本文共 1983 字,大约阅读时间需要 6 分钟。
Memory model
Registers
Equally to a CPU register file, it is private for each thread and read-/write-able. The amount of registers is limited depending on the occupancy, the kernel complexity and the GPU generation. Should the register file be exhausted, then data spills into local memory.
Local Memory
It is introduced to provide a dynamic approach of register files in order to overcome hardware limitations. The price to be paid is performance loss.
Shared Memory
It can be used for communication between all threads of a thread block as well as primary local storage space. Shared memory is generally the lowest latency communication method between threads. It is read- and write-able, but no coherency is guaranteed if two threads try to access it at the same point of time. Therefore atomic functions are included in the framework.
Constant Memory
The constant memory is one of the read only address spaces.
1-D Texture Array
In contrast to the constant memory the texture array allows an automatic interpolation between neighboring values - in hardware - depending on the given position.
1-D Linear Texture
In contrast to the 1-D texture array, the 1-D linear texture is write-able for kernel functions. Since the texture caches don't force coherence, it is important to understand the behavior will be undefined if a thread writes to a certain position while another thread is reading the position.
2-D Texture Array
Similar to 1-D texture array, provides a bilinear interpolations by hardware.

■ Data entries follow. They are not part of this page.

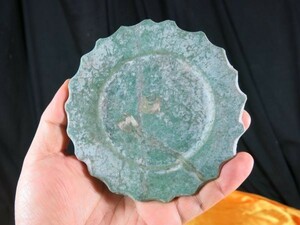 B　ペルシャ青釉稜花皿　１２世紀　遺跡発掘品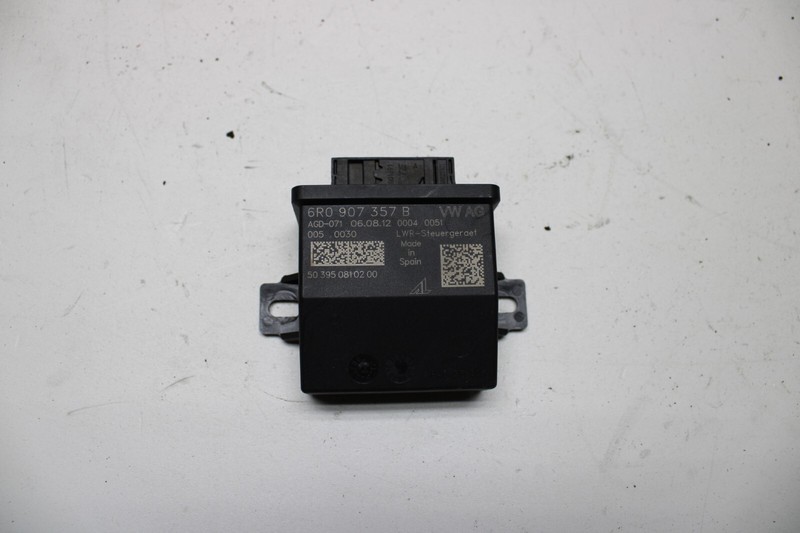 2012-2016 volkswagen CC Inner Lights Module Volkswagen Passat CC 6R0907357B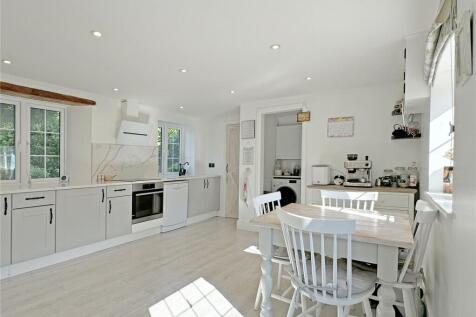 Kit/Breakfast Room
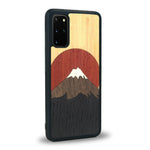 Coque de protection en bois véritable fabriquée en France pour Samsung S20 alliant plusieurs essences de bois pour représenter le mont Fuji
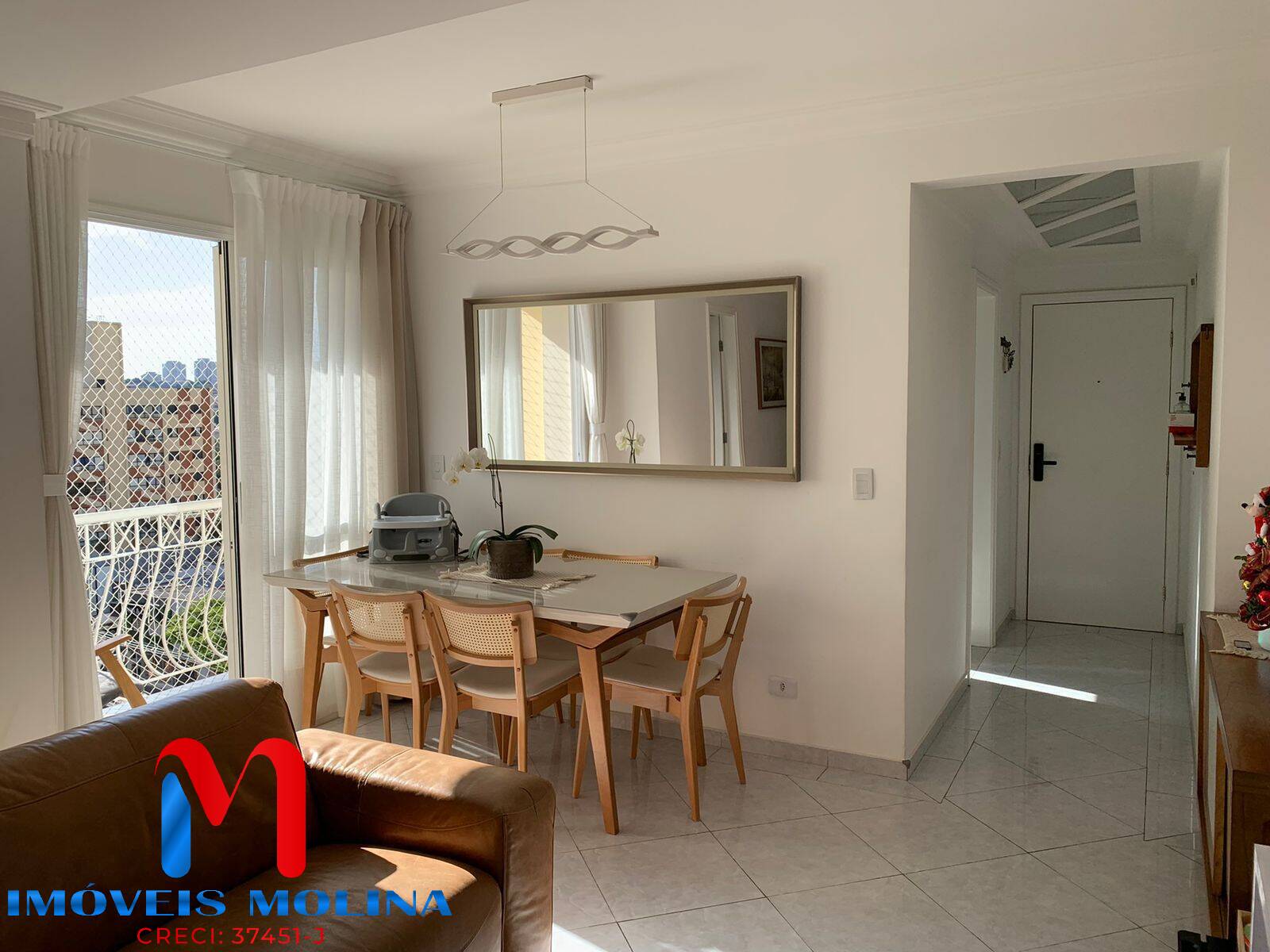 Apartamento à venda com 2 quartos, 65m² - Foto 2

2-D Texture from Pitch-Linear Memory
Similar to 1-D linear Texture, they are write-able by the kernel.
3-D Texture Array
Unfortunately, there is no 3-D write-able texture available.
Global Memory
Compared to others,it is the slowest possible access. It is limited only by the amount of memory available on the graphics card.
Conclusion: without detailed knowledge about this memory model a parallel implementation is still possible, but a huge loss in performance is very likely.